Data supplied:
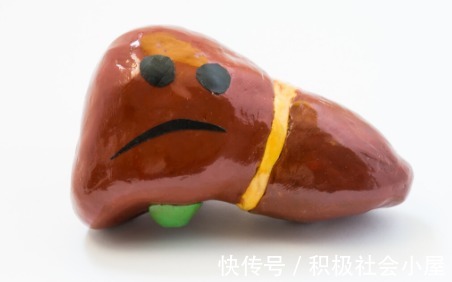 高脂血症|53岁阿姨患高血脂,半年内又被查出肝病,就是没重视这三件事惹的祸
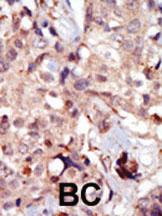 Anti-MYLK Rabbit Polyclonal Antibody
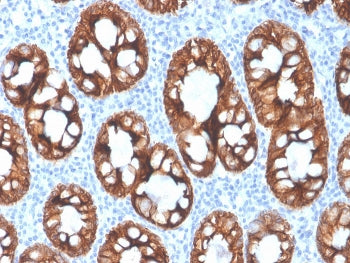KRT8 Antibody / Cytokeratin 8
...
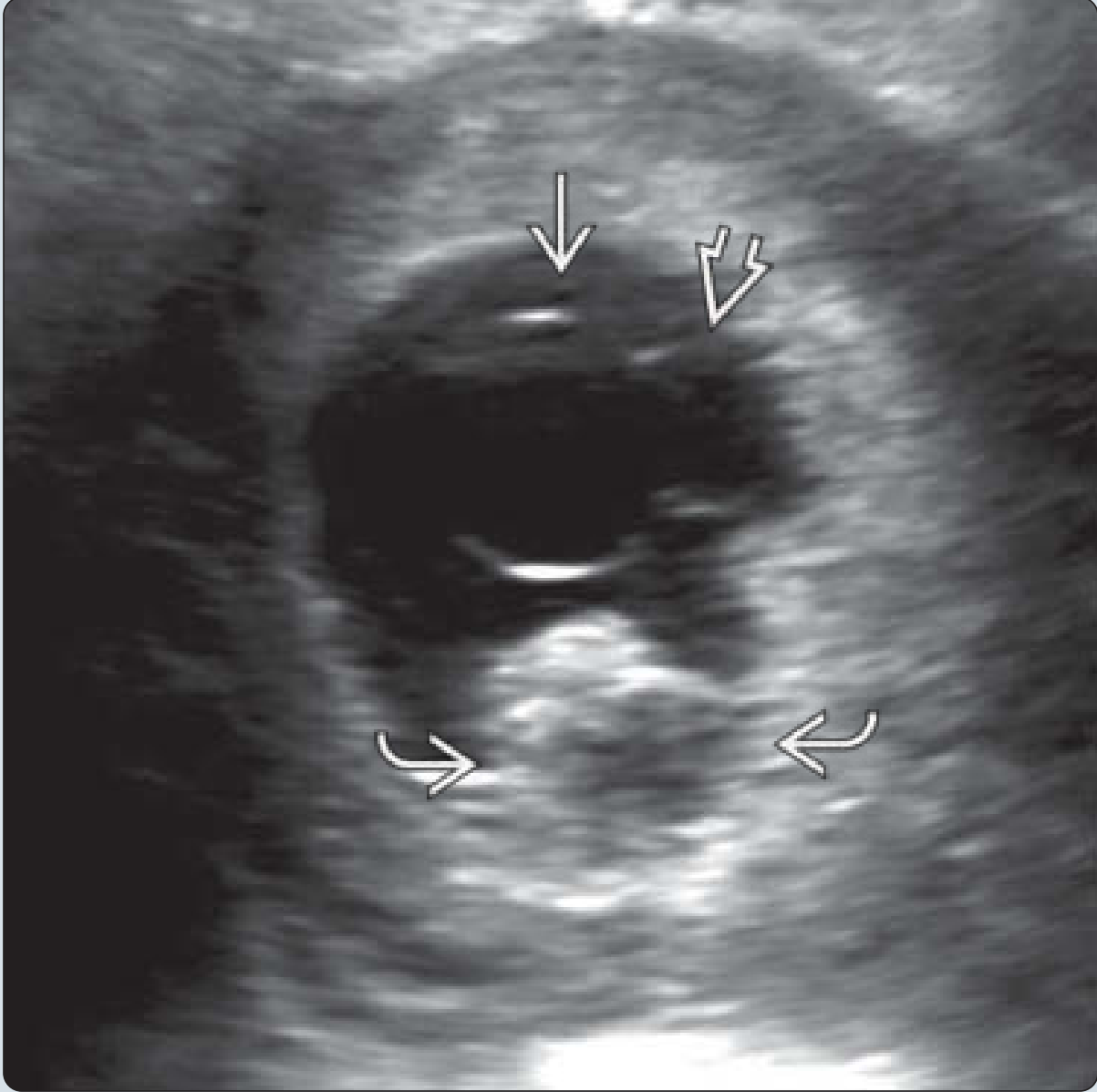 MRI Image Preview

What the task requires: Skipping every picture, transcribe exactly the lines above from the one containing "高脂血症|53岁阿姨患高血脂,半年内又被查出肝病,就是没重视这三件事惹的祸" through the one containing "KRT8 Antibody / Cytokeratin 8", both included.

Solved problem:
 高脂血症|53岁阿姨患高血脂,半年内又被查出肝病,就是没重视这三件事惹的祸
 Anti-MYLK Rabbit Polyclonal Antibody
KRT8 Antibody / Cytokeratin 8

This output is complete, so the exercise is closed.